Antiquity appears to have begun
Long after their primeval race was run.

But beyond the limited circle of those peculiarly interested in geology or archæology, this discovery will claim the especial attention of all who, whether on ethnological, philological, or theological grounds, are interested in the great question of the antiquity of man upon the earth.

It is, however, mainly from the antiquarian point of view that I intend now to regard it, though, for the better elucidation of the circumstances under which these implements have been found, it will be necessary to enter into various geological details.

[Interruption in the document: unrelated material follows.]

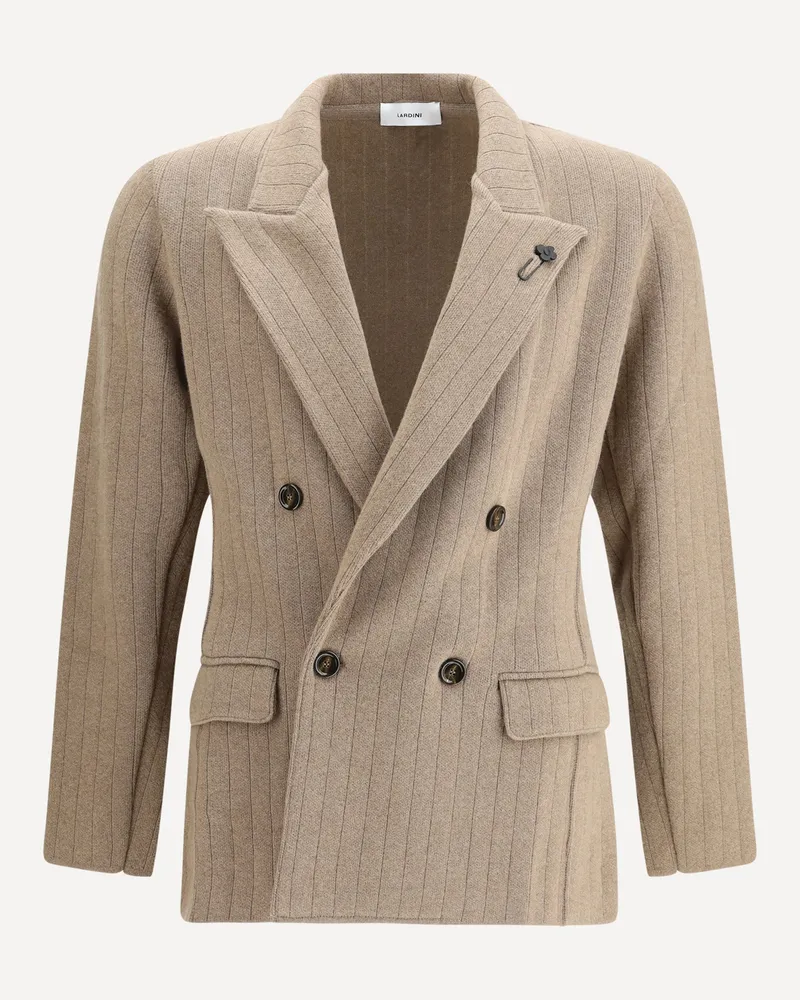 LARDINI Double-breasted Knit Jacket Male Brown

It is now some years since a distinguished French antiquary, M. Boucher de Perthes, in his work, entitled, "Antiquités Celtiques et Antédiluviennes,"[1] called attention to the discovery of flint implements fashioned by the hand of man in the pits worked for sand and gravel in the neighbourhood of Abbeville, in such positions, and at such a depth below the surface of the ground, as to force upon him the conclusion that they were found in the very spots in which they had been deposited at the period of the formation of the beds containing them. The announcement by M. Boucher de Perthes, of his having discovered these flint implements under such remarkable circumstances was, however, accompanied by an account of the finding of many other forms of flint of a much more questionable character, and by the enunciation of theories which by many may have been considered as founded upon too small a basis of ascertained facts. It is probably owing to this cause that, neither in France nor in this country, did the less disputable and now completely substantiated discoveries of M. de Perthes receive from men of science in former years the attention to which they were justly entitled.

The question whether man had or had not coexisted with the extinct pachydermatous and other mammals, whose bones are so frequently found in the more recent geological deposits, had indeed already more than once been brought under

  1. Paris, 8vo. vol. i. 1847, (printed in 1844-6,) vol. ii. 1857.